Exercise goal:
Each entry that follows should be written again verbatim.

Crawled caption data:

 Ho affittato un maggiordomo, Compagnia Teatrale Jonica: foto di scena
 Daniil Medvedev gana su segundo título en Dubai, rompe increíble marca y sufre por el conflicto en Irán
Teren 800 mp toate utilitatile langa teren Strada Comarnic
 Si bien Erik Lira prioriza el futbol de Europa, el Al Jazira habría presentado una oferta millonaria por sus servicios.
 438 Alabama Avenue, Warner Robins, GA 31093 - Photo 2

Response area:
 Ho affittato un maggiordomo, Compagnia Teatrale Jonica: foto di scena
 Daniil Medvedev gana su segundo título en Dubai, rompe increíble marca y sufre por el conflicto en Irán
Teren 800 mp toate utilitatile langa teren Strada Comarnic
 Si bien Erik Lira prioriza el futbol de Europa, el Al Jazira habría presentado una oferta millonaria por sus servicios.
 438 Alabama Avenue, Warner Robins, GA 31093 - Photo 2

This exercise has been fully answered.